# led 30watt 6500k security light (ebay).



## kirk (14 Sep 2013)

Hi all, as a few of you allready know I'm well on my way with the new set up. So now its sorting suitable lighting. I'd like to go led for a few reasons, the effect less to run for a start. I was thinking it will be cheaper to strip one of these or use it as it is. EBay item no is.  330953504857.   Let me know your thoughts guys and gals.cheers kirk.


----------



## Aquadream (14 Sep 2013)

I have one of these LED lights. They create very nice shimmering effect just like the MH. Tge colour rendition is not as good unfortunately. Under these lights the red colours are very dead, looking more like some kind of brown. For this reson I don't use them.
Also 30Watts seems like a lot of LED power. Under water however this power dissapears. You will need quite a few of these to properly illuminate any aquarium.


----------



## kirk (15 Sep 2013)

Aquadream said:


> I have one of these LED lights. They create very nice shimmering effect just like the MH. Tge colour rendition is not as good unfortunately.

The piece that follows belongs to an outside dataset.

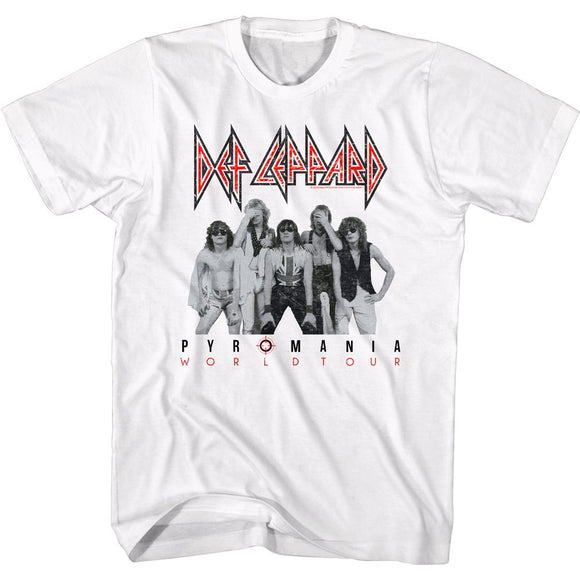 Def Leppard-Pyromania Wt-White Adult S/S T-Shirt - White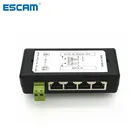 PoE адаптер питания ESCAM, 4 порта, 8 портов, PoE, Ethernet блок питания контактов питания 4,5(+)7,8(-), вход DC12V-DC48V для IP-камеры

Under these lights the red colours are very dead, looking more like some kind of brown. For this reson I don't use them.
> Also 30Watts seems like a lot of LED power. Under water however this power dissapears. You will need quite a few of these to properly illuminate any aquarium.


  I'm not liking the idea now as colour for me is important, can't see the point in growing plants if you can't see them in their beauty.   Any other cheap alternatives welcome please.


----------



## Curvball (15 Sep 2013)

One of the other members is running 2 x20w units over his tank and has had great results. I will see if I can find the thread.

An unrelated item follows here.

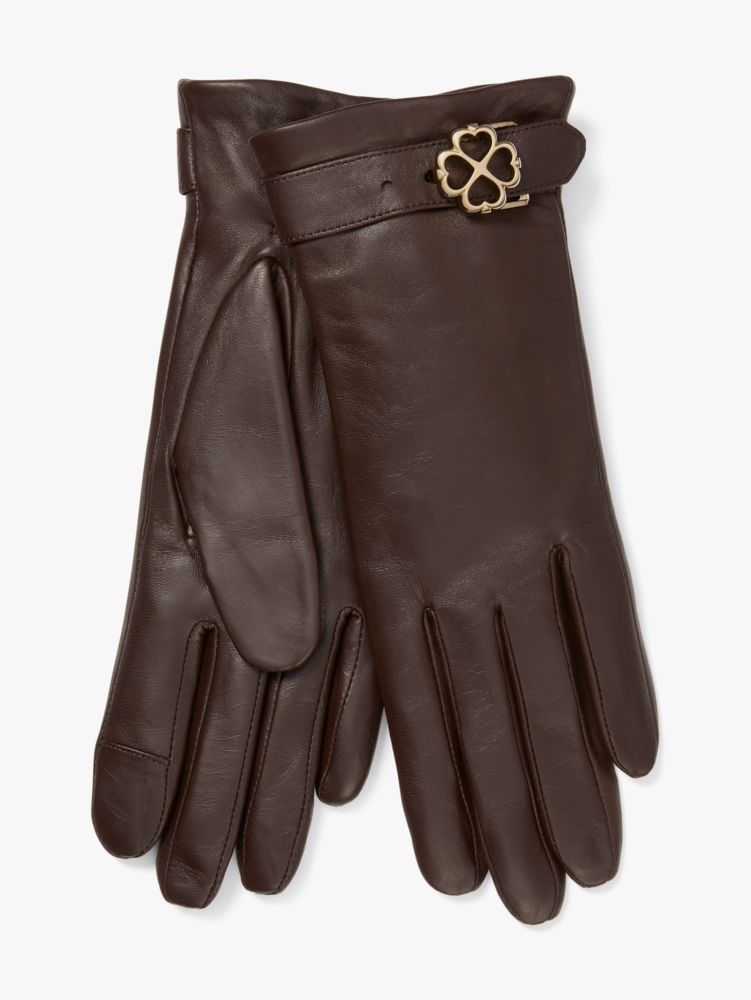 Kate Spade,Spade Flower Buckle Tech Gloves,Brown Stone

And Troi posted just 3 seconds after I posted this


----------



## Tim Harrison (15 Sep 2013)

That's an interesting observation. I have to admit that I was a little disappointed with the colour rendition at first (especially going from Arcadia T8s which give awesome colour), but within a week or two the plants seemed to have responded to the change in light and appeared to have coloured up...greens became more vivid, and ok reds appeared to be reddy brown but the colour saturation seemed deeper and more vibrant in a way that's difficult to describe accurately. But more importantly plant growth became phenomenal.

With regards lighting intensity, that's really just about getting the right combined wattage, for instance I use 2x20 watt for a 70 litre tank suspended about 20-25 cm above the tank and this provides what I would consider high-light. This configuration would also be ok for a tank around 45 cm deep and 75 cm wide. But obviously they will not be everyone's cup of tea, and I have to admitt I much prefer the colour rendition of my T8s, but that's balanced against the superb glitter lines of the LED floods.
However, I think it's perhaps a mistake to dismiss them out of hand.

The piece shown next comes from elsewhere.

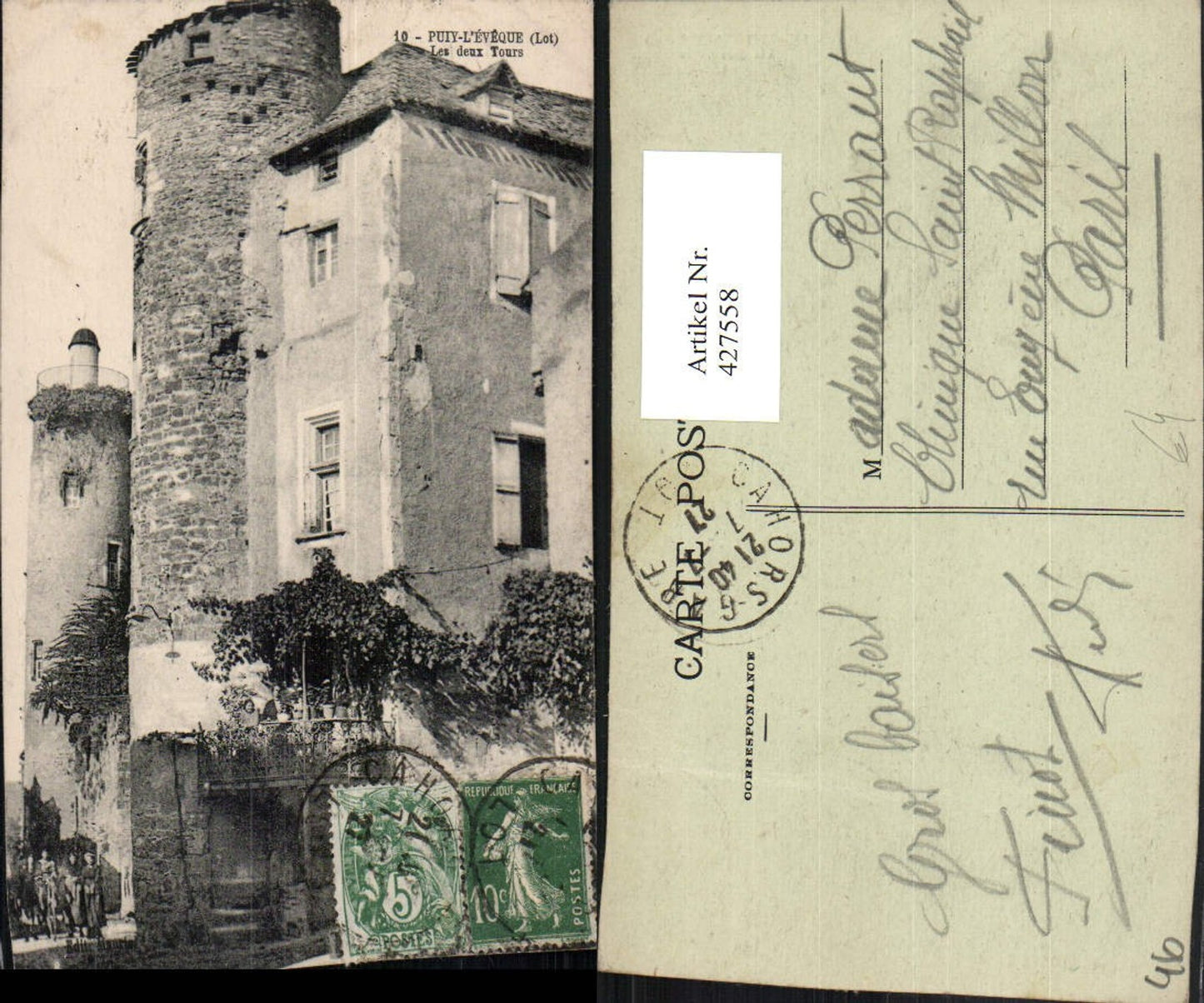 427558,Midi-Pyrenees Lot Puiy-l'Eveque Les deux Tours Turm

This thread gives you the low down on PAR values etc http://www.plantedtank.net/forums/showthread.php?t=195589 page 7. A better FTS of the scape below can be found here UKAPS Members' Full-Tank Shots | UK Aquatic Plant Society


----------



## kirk (15 Sep 2013)

Wow now that's impressive


----------



## BigTom (15 Sep 2013)

I tried them and absolutely hated the colour rendition, went back to my 70w halide shop spotlight (also cheap ~£20 second hand on ebay).


----------



## Ichthyologist (15 Sep 2013)

I sorted the colour rendition problems by covering the inside of my LED housing with orange fluorescent scotchcal tape. 100000 K LEDs driven at c30%, I think it looks great, the plants "pop" and reds and blues in the fish are equally vibrant.


----------